Mehr Zustimmungen fanden die CDU-Anträge, 90.000 Euro für Investitionen im Bürgerpark Brüchermühle vorzusehen und zusätzliche 10.000 Euro für die Ausbildung der Feuerwehr einzuplanen (auch die Grünen hatten dies beantragt). Beidem wurde einstimmig zugestimmt. Kritische Worte fand Funke dagegen für die FWO. Die Sanierung des Schwimmbades in Wildbergerhütte „um jeden Preis“ bezeichnete er als „unverantwortlichen, finanzpolitischen Wahnsinn“. Man stehe zwar hinter der Sanierung, eine sachliche Diskussion müsse aber weiterhin möglich bleiben.
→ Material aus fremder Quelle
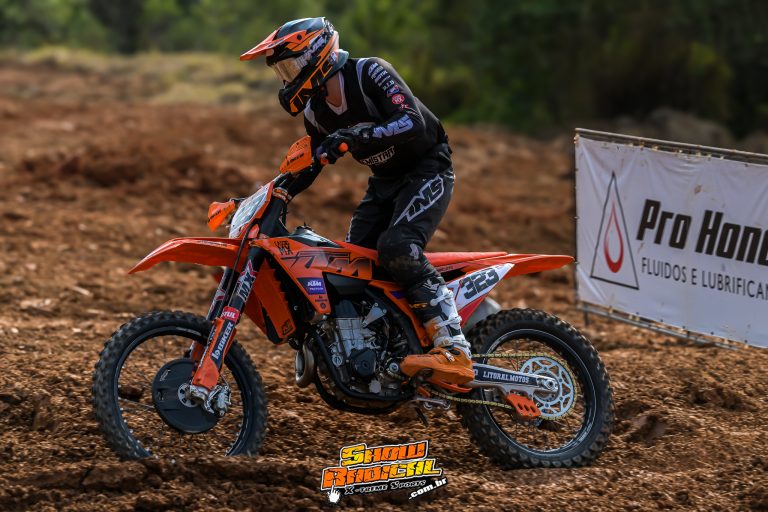 Cassio Anacleto conquista a segunda colocação na Final do Brasileiro de Motocross em Ponta Grossa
Mehr Klimaschutz forderten indessen die Sozialdemokraten. „Wir sind ein kleines Rädchen in einer globalisierten Welt, aber wir können viel bewegen“, sagte Anja Theis (SPD), man müsse klotzen und nicht kleckern, um den menschengemachten Klimawandel in den Griff zu kriegen. Der Antrag, den Beschluss des Verbots der Nettoneuverschuldung zugunsten des Klimaschutz aufzugeben, fand allerdings nur bei der ÖSL-Fraktion Zustimmung und wurde abgelehnt. Auch die Forderung nach der Einstellung eines Klimaschutzmanagers wurde mit Gegenstimmen der CDU, FDP und FWO verhindert.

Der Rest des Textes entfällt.